Two things we know well about one past and one present Elland Road personality: firstly that erstwhile Leeds United hero and current Scotland coach Gordon Strachan has a dry sense of humour that spares few, especially those who stick unqualified noses into professional football matters. And secondly, that current owner and self-styled captain of the United ship Massimo Cellino is a mess of superstitions and old wives’ tales, allowing his personal and business life to be dictated by a random mix of crazy fears and whimsical beliefs.
It’s difficult not to have a wry smile, then, at the player number allocated for the first Scotland squad featuring Leeds defender Liam Cooper. Coops was handed the 17 shirt, a number that has Cellino climbing the walls to end up in the belfry with like-minded bats. That figure 17 is anathema to il Duce, along with the colour purple and various other perceived supernatural threats. It would be so in character for Strachan, that ultimate professional and put-down merchant, to use the chance to stick a metaphorical needle into Cellino’s quivering hide.
Cellino is not the first superstitious character in Leeds United‘s history of course – though it goes without saying that he bears no comparison with gypsy curse-fearing and lucky blue suit-clad United legend Don Revie. But Don’s beliefs were of a gentler sort; he didn’t press them into the very fabric of the club, inviting derision from within and without. Cellino’s Leeds published a matchday programme for the visit of 17th home league opponent Notts Forest – it was numbered 16b. Beside that, Don’s worn-out blue suit, and his regular pre-match walk down to the corner near the team hotel, seem positively lovable.
Gordon Strachan occupies his own special, permanent niche in Leeds history. He’s moved on, as heroes do, but I have good reason to believe he retains a love of the club. I met him briefly at a function at Headingley in 1995, and he was quite clear then that he could see a return to Elland Road as United manager one day. It’s not something you can envision happening, however, under Cellino’s loco stewardship.

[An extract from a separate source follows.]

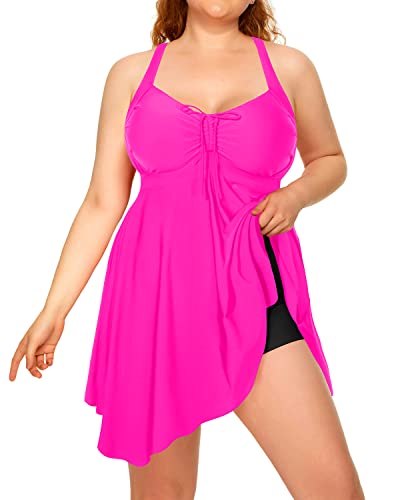 Flattering Ruched Plus Size Two Piece Swimdress Beach Cover Up Dresses –  Daci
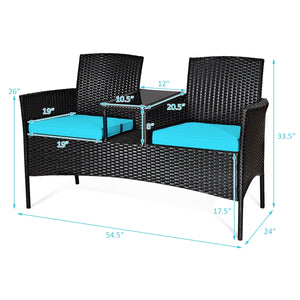 Wicker Patio Conversation Furniture Set with Removable Cushions and Table-White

The thing is, despite the schism that Cellino has caused in the ranks of Leeds fans – some obstinately supporting the Italian in the face of opposition from the majority – there is hardly a good word to be heard for the current United owner among professional football people. People who really know their stuff, such as John Giles, have attacked Cellino’s regime bitterly. The more deluded fans in the street aside, il Presidente doesn’t enjoy much informed support – unsurprisingly, given his track record.
It’s unlikely that Liam Cooper will have raised as much as a peep of protest at his dark blue No. 17 shirt. Rookie international players know which side their bread is buttered, and the Scotland dressing room will be well aware of the Boss’s waspish tongue. Once, when asked in the tunnel in the wake of a heavy defeat, “In what areas were your players inferior to the opposition?”, Strachan looked the TV man straight in the eye and replied “Mainly that big green one out there”. Wee Gordon yields to no man in the bandying of words, there’s a book to be filled with his famous and devastating put-downs.
All of this leads me to believe that the issuing of that number 17 to Liam Cooper was no coincidence; that Strachan, with the pro’s resentment of the mess Cellino is making of a great club he loves, has casually aimed a barbed arrow in the Italian’s direction.
I do hope it’s true, and I hope that barb has hit home to fester. The more the game can show its rejection of chancers like Cellino, the better we will all be – including the flat-earth tendency obstinately talking him up.
Good on you, Gordon, let’s have more. It’s believed, however, that rumours the Scotland shirt is to change its colour to purple… are wide of the mark.